Anche a Verona le “Sardine” sono scese in piazza: sull’onda del gruppo creato su Facebook, che ha superato i 14.000 iscritti, almeno tremila persone si sono radunate in piazza Isolo, scelta non del tutto casuale visto che ospita il Monumento al Deportato ed è la “porta” sul quartiere di Veronetta, il rione più multietnico della città scaligera. “E’ una splendida risposta e un segnale forte che Verona non è solo quella che è stata descritta”, ha detto Deborah Fruner, una dei tre coordinatori del gruppo Fb “Sardine di Verona”. “E’ tempo di reagire anche a Verona”, ha aggiunto Iacopo Buffolo, “anima” della mobilitazione, “contro una politica che fonda il suo messaggio sulla cattiveria e sull’odio verso il prossimo. E la risposta di questa sera conferma che non ci devono essere discriminazioni di nessun tipo”. “Verona non abbocca”, “Sardina antifascista” sono solo alcune delle scritte sui grandi pesci di cartone appesi al collo di manifestanti di ogni età, anche bambini accompagnati dai genitori e persone anziane che non si sono sottratte ad un selfie per immortalare la serata. E Nadir Welponer, ex militante del Partito Comunista e già consigliere regionale, ha chiosato: “E’ una bellissima risposta della città. E vedere così tanti giovani in piazza mi fa ricordare un’altra epoca di grandi ideali. Vuol dire che le nuove generazioni non sono perdute e che c’è ancora speranza”. E la serata si è aperta con l’immancabile “Bella ciao”.

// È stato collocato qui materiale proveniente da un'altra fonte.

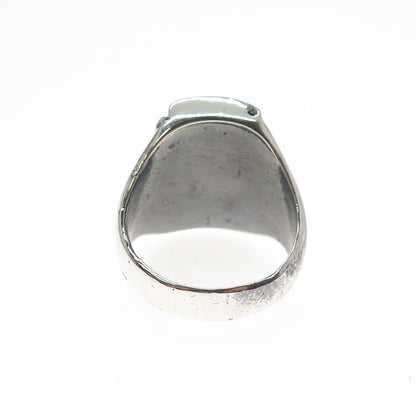 Old Pawn 925 Sterling Silver Vintage Southwestern Turquoise Ring Size 10.75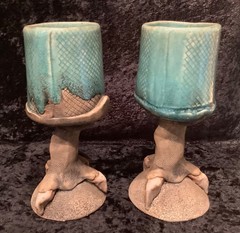 Vintage Pair (2) Richard Marshall Pottery Dragon Woo Claw Foot Goblets 7.5”
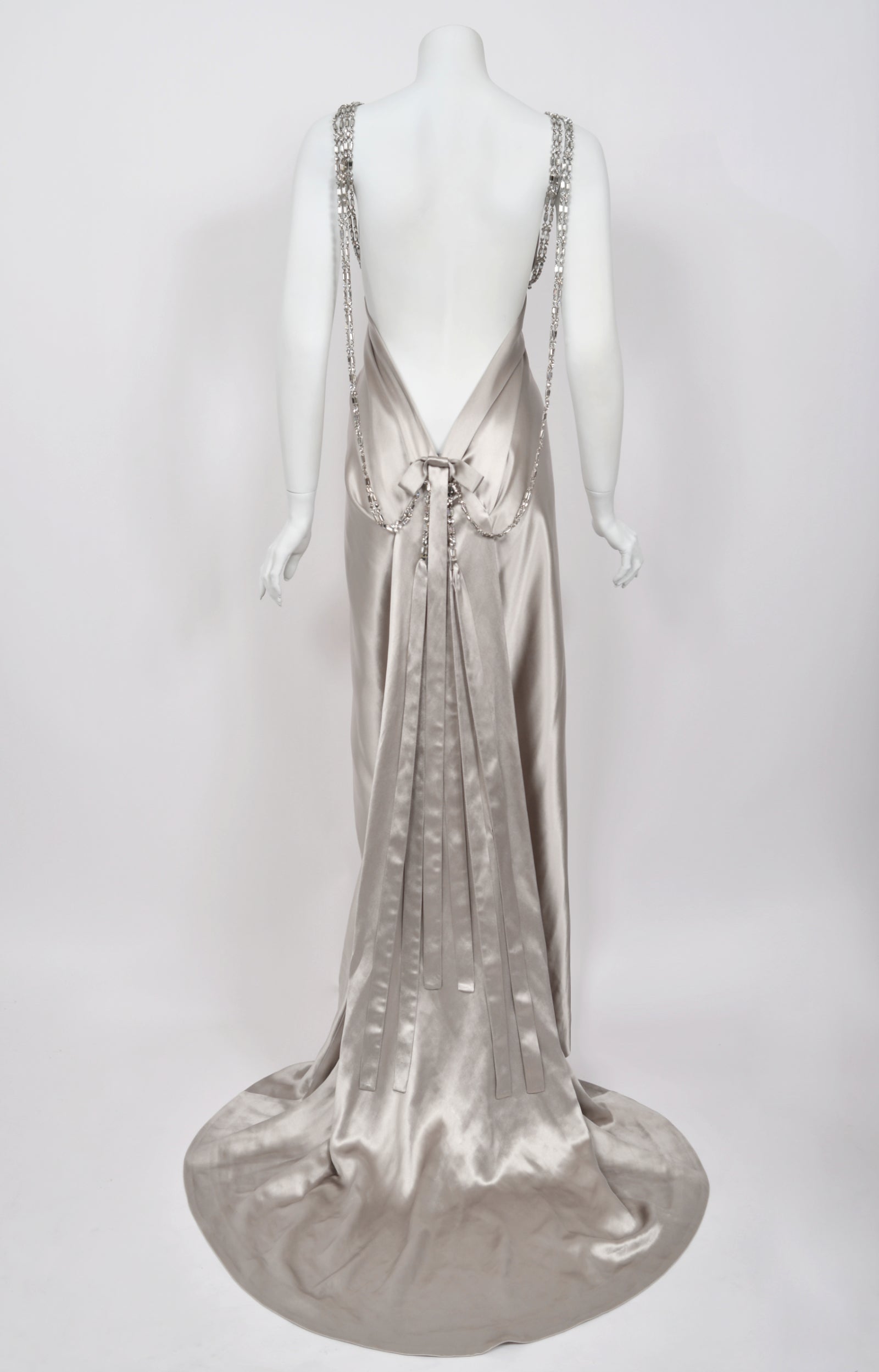 2006 Dsquared2 Platinum Silk Jeweled Backless Trained Glamour Gown - Timeless Vixen 2006 Dsquared2 Platinum Silk Jeweled Backless Trained Glamour Gown - Timeless Vixen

Piacenza, in piazza un migliaio di persone

Sardine a Piacenza: un migliaio di persone hanno manifestato in piazza Duomo senza simboli né bandiere di partito. Tra i presenti anche Mattia Santori, uno degli ideatori del movimento. L’evento di Piacenza si unisce ad una serie di flash mob attuati in diverse città dell’Emilia Romagna e fuori regione per un movimento che, ormai, si è diffuso in tutta Italia. Ora si attende la risposta di Firenze, sabato. Saranno certamente migliaia di sardine antifasciste stipate anche là.